■ **Task to carry out**
Return all the data below as it stands, minus the pictures.

■ **Input data**
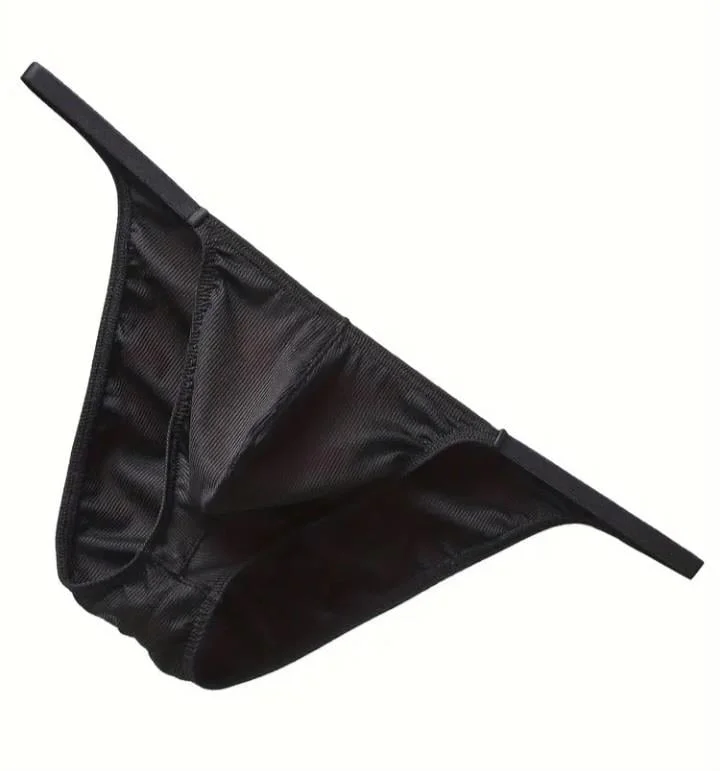 Erkek  Siyah Büzgülü Slip İç Giyim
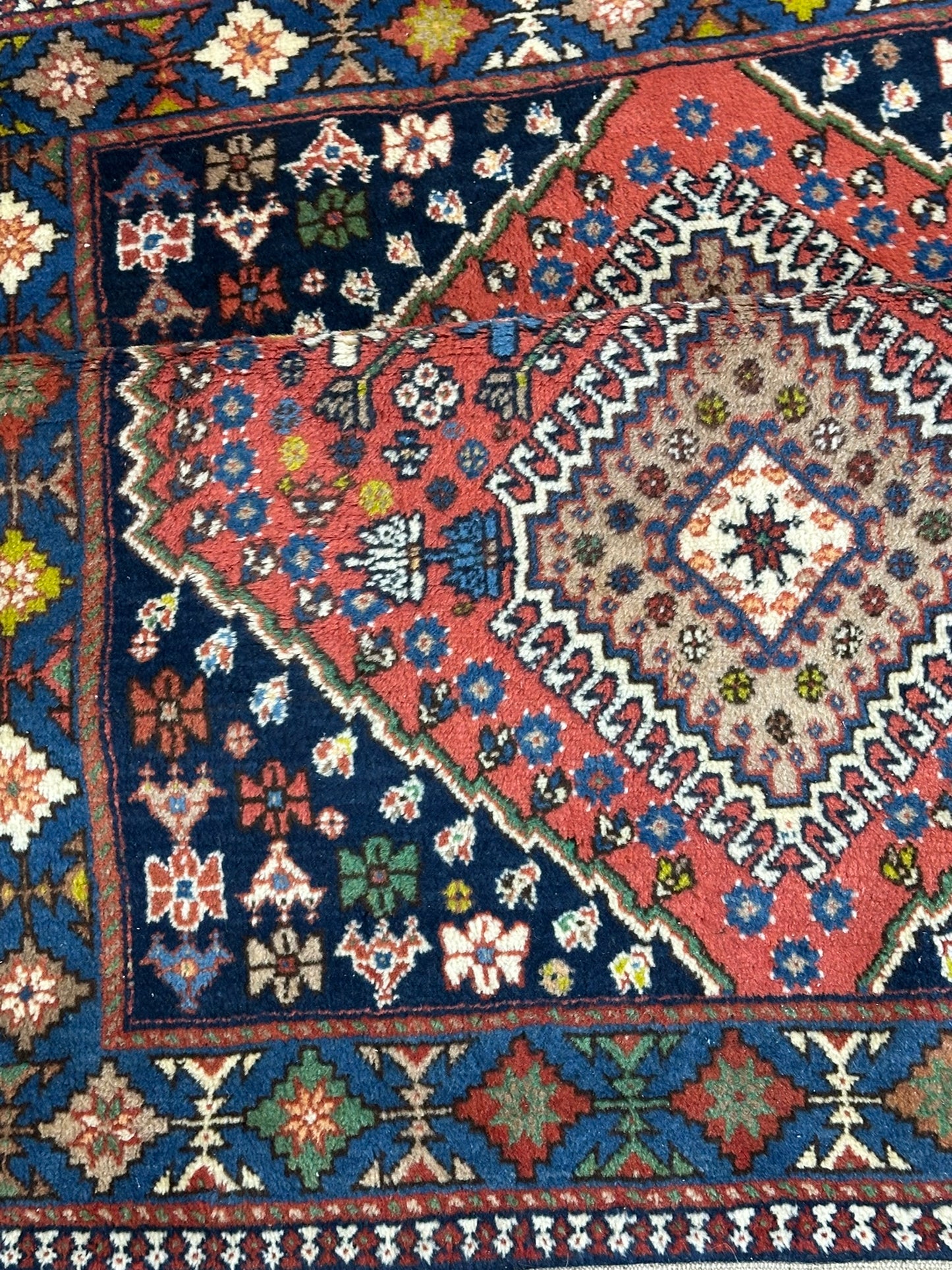 Orientteppich handgeknüpft Gaschgai Yalameh Wolle 157x113 cm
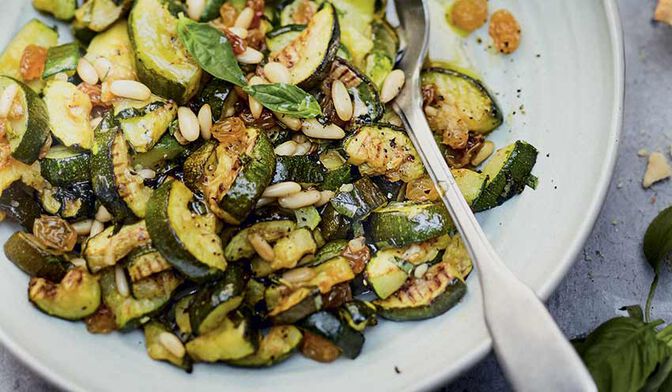 Courgettes a la sicilienne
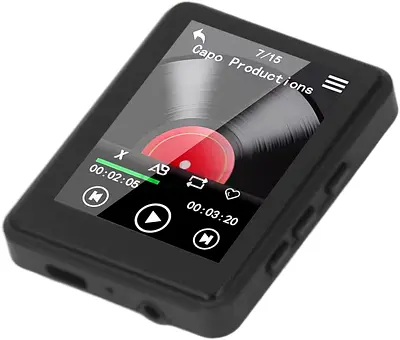 MP3 MP4 Player, MP3 Music Player with 2.4 Inch Full, Bluetooth 5.3 HiFi Sound MP4 Player, Digital Mu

■ **Reply**
 Erkek  Siyah Büzgülü Slip İç Giyim
 Orientteppich handgeknüpft Gaschgai Yalameh Wolle 157x113 cm
 Courgettes a la sicilienne
 MP3 MP4 Player, MP3 Music Player with 2.4 Inch Full, Bluetooth 5.3 HiFi Sound MP4 Player, Digital Mu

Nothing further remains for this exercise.